Los valores térmicos F₀-P₀ empleados durante el procesado térmico son de gran importancia para minimizar los cambios en el color, textura, aroma y valores nutricionales del producto final. Estos valores identifican la relación óptima de temperatura/tiempo del tratamiento térmico a aplicar.
- F₀: Se utiliza para la esterilización (temperaturas superiores a 100ºC). Los platos preparados con larga fecha de consumo preferente se esterilizan, trabajando con valores F₀ entre 8-10 y una temperatura entre 114-116ºC.
- P₀: Se utiliza para la pasteurización (temperatura inferior a 100ºC).
Estos valores son orientativos y dependen de muchos factores. La esterilización puede afectar más a nivel organoléptico (color, sabor, textura) y nutricional (disminución de vitaminas) que la pasteurización, debido a las altas temperaturas aplicadas. Por ello, es imprescindible ajustar al máximo los valores de tiempo y temperatura según las necesidades de cada receta. Al trabajar con autoclaves, se recomienda no cocinar del todo el plato preparado y aprovechar el calor de la esterilización para acabar de cocer el producto, asegurando la destrucción de microorganismos y alterando al mínimo las propiedades organolépticas y nutricionales.

Consideraciones de Envasado y Seguridad
La principal bacteria que podría proliferar en platos preparados y que, según la legislación microbiológica, no debe estar nunca en el producto es la Listeria monocytogenes.

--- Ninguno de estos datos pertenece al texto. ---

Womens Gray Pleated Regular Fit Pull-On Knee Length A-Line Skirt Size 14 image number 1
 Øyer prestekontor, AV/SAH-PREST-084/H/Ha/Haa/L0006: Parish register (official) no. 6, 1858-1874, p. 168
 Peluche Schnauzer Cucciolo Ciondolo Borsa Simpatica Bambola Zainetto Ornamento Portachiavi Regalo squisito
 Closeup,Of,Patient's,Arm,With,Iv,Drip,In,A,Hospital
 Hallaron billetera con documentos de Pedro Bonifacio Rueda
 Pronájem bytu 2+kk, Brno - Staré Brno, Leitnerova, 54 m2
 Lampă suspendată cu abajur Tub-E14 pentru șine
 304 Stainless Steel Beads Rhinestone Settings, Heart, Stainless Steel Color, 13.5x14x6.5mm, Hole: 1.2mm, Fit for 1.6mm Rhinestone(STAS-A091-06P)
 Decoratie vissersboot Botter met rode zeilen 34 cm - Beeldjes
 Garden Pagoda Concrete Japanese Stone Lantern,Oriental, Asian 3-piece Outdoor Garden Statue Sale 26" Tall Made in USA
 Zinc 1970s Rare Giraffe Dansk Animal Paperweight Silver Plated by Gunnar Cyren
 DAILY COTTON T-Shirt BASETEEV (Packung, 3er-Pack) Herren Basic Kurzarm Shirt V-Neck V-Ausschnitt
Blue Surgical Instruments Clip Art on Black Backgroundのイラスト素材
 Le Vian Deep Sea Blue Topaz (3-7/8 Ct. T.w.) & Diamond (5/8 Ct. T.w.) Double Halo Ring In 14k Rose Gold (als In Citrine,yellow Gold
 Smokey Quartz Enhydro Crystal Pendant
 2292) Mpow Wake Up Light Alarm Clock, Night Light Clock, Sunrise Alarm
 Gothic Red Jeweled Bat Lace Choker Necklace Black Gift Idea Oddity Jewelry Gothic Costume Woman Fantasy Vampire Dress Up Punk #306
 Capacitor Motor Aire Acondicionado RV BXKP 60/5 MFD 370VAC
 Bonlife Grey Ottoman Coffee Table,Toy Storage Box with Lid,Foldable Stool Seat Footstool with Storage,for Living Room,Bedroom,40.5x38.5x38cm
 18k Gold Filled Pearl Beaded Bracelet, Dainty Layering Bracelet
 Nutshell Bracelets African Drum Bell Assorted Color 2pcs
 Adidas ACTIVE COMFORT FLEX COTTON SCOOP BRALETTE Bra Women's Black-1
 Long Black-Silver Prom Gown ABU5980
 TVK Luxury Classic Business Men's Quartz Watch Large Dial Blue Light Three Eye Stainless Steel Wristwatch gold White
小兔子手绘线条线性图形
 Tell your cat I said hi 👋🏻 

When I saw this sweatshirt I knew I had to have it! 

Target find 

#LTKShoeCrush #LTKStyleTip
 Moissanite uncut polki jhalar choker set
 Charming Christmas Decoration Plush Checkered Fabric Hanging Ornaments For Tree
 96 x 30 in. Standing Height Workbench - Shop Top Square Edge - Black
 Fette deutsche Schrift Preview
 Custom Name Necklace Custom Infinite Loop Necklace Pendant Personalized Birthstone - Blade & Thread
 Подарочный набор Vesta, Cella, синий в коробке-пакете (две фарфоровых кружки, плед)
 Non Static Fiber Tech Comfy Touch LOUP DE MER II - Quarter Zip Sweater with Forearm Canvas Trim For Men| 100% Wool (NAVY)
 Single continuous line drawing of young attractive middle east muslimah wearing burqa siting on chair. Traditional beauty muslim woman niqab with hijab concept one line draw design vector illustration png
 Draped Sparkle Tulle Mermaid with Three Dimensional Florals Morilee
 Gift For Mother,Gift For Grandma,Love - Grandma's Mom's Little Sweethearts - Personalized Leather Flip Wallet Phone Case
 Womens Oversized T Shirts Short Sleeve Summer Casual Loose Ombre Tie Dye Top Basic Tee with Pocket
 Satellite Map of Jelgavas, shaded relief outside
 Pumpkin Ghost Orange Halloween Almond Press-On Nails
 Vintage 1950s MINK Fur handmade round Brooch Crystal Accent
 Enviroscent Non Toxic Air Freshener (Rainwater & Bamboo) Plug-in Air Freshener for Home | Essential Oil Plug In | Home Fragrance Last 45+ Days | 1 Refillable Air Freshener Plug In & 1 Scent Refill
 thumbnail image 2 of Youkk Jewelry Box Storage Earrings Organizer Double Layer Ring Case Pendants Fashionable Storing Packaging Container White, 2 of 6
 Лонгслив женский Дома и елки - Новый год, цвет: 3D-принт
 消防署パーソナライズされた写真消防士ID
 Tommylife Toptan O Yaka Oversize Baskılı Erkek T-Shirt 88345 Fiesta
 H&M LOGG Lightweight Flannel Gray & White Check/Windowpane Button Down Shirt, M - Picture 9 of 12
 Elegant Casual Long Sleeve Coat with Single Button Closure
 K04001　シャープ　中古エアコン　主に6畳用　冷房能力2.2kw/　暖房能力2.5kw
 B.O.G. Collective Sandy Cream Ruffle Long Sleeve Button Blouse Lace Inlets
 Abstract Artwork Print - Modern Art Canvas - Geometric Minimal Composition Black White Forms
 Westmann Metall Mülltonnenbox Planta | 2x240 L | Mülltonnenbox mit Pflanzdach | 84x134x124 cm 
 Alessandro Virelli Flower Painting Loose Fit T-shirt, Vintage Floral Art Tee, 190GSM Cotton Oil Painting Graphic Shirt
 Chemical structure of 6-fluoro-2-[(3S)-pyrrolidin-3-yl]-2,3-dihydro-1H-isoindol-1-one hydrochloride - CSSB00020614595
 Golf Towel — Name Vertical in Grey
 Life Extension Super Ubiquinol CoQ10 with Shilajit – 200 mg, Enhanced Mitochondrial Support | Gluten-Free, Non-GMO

Los platos preparados esterilizados se suelen presentar en latas, pouches o frascos de vidrio. Los pasteurizados, en cambio, suelen comercializarse en envases de plástico o barquetas. En estos últimos, la máxima complicación reside en la tapa y su sellado, ya que un exceso de temperatura durante el tratamiento térmico podría romperla.
Esterilizar en envases de metal o bolsas es más sencillo, pero con los equipos adecuados y calculando correctamente los valores de tiempo y temperatura, no debería haber problema. Las autoclaves modernas ofrecen la posibilidad de cocinar productos antes de someterlos a tratamientos térmicos, y gracias a la contrapresión que generan, evitan deformaciones en los envases. Además, equipan un sistema de enfriamiento rápido para prevenir un sobrecocido indeseable.

Tendencias del Mercado y Percepción del Consumidor
Según la Encuesta sobre Alimentos y Salud 2022 publicada por el Consejo Internacional de Información Alimentaria (IFIC), entre 2022 y 2027 se prevé que el mercado mundial de alimentos listos para el consumo crezca un 4,89%. La sociedad entiende cada vez más la relación existente entre una alimentación saludable, el bienestar psicológico, el ejercicio físico o cuidado del cuerpo y el estrés.
Búsquedas en Internet de expresiones como «alimentos que mejoran el estado de ánimo» crecieron un 50% en 2022 respecto al año anterior. Los platos preparados son productos de conveniencia que facilitan la vida a quienes tienen poco tiempo para cocinar o no saben hacerlo, pero desean comer platos sanos y de calidad.
Muchas empresas elaboran platos preparados muy sabrosos y completos nutritivamente, desmitificando la idea de que solo contienen aditivos y carecen de nutrientes. Gracias a los tratamientos térmicos y el envasado hermético, se conservan adecuadamente sin necesidad de conservantes, ofreciendo un aporte similar de nutrientes y minerales que los alimentos frescos.